Finally, Prokon, the issuer of the Genußscheine I looked at 2 years ago went bankrupt. Not really a surprise, it is always the same sad story.

Celesio Merger arbitrage “Post mortem”

So roughly 10 days after the first failed attempt, Haniel today announced that they have an agreement with both, McKesson and Elliott and that Haniel will sell for 23,50 EUR per share to McKesson.

What happened in between ? Elliott, after the failed attempt further increased its stake to 32% (including convertibles).

In a second step, Elliott sold its stake for an undisclosed price to Haniel, which then in turn sold the 75% plus stake to McKesson at the initial 23,50 EUR.

This structure achieved the following goals:

– Elliott got more than 23,50 EUR
– McKesson does not have to pay more than 23,50 EUR

The “Looser” is clearly Haniel, which will have proceeds lower than 23,50 EUR per share.
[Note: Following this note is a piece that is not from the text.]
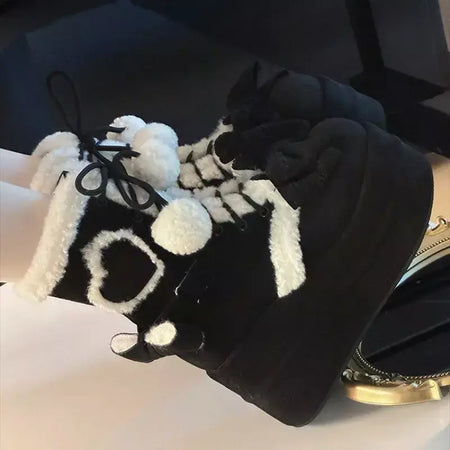 Doce inverno meninas lolita meados de bezerro botas de neve, bonito estudantes do sexo feminino pelúcia quente bowknots rendas até sapatos de salto cunha aumentando
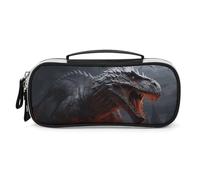 Rrtsmsgh Red Magma Flying Dragons Pencil Case Large Capacity, Small PU Leather Makeup Bag with Zipper & Handle, Portable Pencil Pouch for Office, Cosmetic Storage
A friend of mine argued that most likely Haniel paid 24,50 EUR which would roughly equal the initial 23 EUR per share. If this is that case, then we would have the paradox outcome, that the majority owner got the lowest price, the minority a little bit more and the Hedgefund the most.

This is something to keep in mind for potential future merger arbitrage deals: The minority shareholders might not get the same deal as the activist shareholder, at least in the cases where a majority shareholder is selling. In this case, the minority holders got a 50 cent better price than the initial bid, but I could imagine scenarios where there is also the risk of a lower bid.

Interestingly, the stocks jumped today over 25 EUR, I guess some people are already speculating on a compensation payment following the Profit & loss transfer agreement which is the logical next step after the purchase.

Personally, I don’t think that there is a lot of upside, but who knows ? In any case, I think Elliott played that one pretty well for themselves. In any case, this is a hard blow to JP Morgan as M&A advisor to Haniel.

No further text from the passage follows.